[PATCH i-g-t] RFC: igt-runner fact checking
Peter Senna Tschudin
peter.senna at linux.intel.com
Wed Oct 30 07:15:04 UTC 2024
Dear Janusz,
Thank you for the review!
I believe that I can clarify the following points. The igt_runner_facts are:
- primarily a logging feature: to measure and report changes to the environment
- generic: I build the argument based on a real example, but I am making igt_runner_facts generic
- time based: knowing when a fact changes matter to help us debug issues
- not test requirements. The line is blurry, but we are after what can unexpectedly change on the environment. Think of the disappearing gpu problem.
On 28.10.2024 13:53, Krzysztofik, Janusz wrote:
> On Monday, 28 October 2024 08:08:52 CET Peter Senna Tschudin wrote:
>> WHAT: THIS IS AN RFC
>>
>> These functions collect facts, such as "Is the i915 kmod loaded?" when
>> igt-runner starts and then recheck the facts after every test is run.
>> Currently the code will abort on fact changes, but this can obviously
>> be altered to suit our needs.
>
> I think it would be more helpful if we tried to restore a clean environment,
> not only check if it hadn't changed.
That is not the point. We currently work on the assumption that every test is a well behaved citizen. But because we do not measure the cleanness of the environment, we do not actually know how clean the system is.
>
>>
>> TODO
>>
>> I have only implemented facts for checking if gpu kmods are loaded.
>
> Tests can do their job regardless of any GPU modules loaded or not, I
> believe.
No, and when a test causes trouble downstream it is very hard to debug because we have no idea about what changed.
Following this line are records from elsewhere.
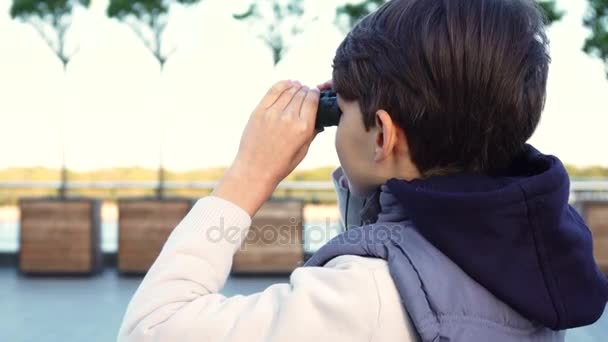 Een leuke jongen onderzoekt de buurt door middel van verrekijkers — Stockvideo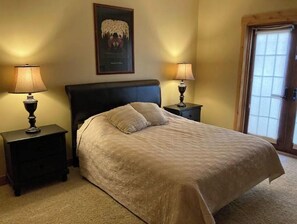 Cozy retreat with a large bed, nightstands, and a framed artwork above.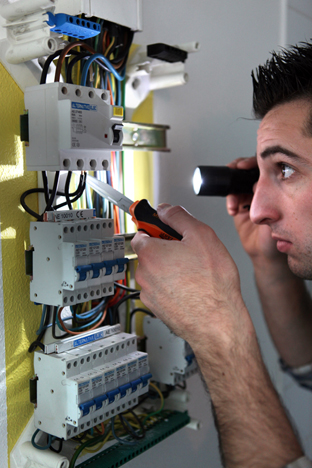 Electrician examining a fusebox with a torch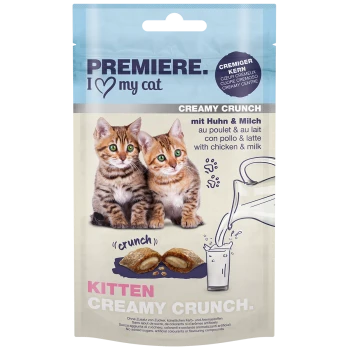 Zwei verspielte Kätzchen mit grünen Augen auf einer Haustierfutterverpackung, beschriftet mit "Premiere. I ❤️ my cat Creamy Crunch" mit Huhn- und Milchgeschmack.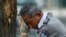 FILE - A security guard wearing an electric fan on his neck wipes his sweat on a hot day in Beijing, Monday, July 3, 2023.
Ask me how I know is time consuming :-)
>
>> I
>> want facts for:
>> - GPUs on the PCI bus: pci address and card info: pciid, vendor,
>> model, codename
>
> What test scenarios you think we may expect to affect hardware configuration?
I know of two: pre production GPUs may vanish from the PCI bus, and require a reboot to fix. Some tests may make the GPU unresponsive in ways that are recoverable without a reboot.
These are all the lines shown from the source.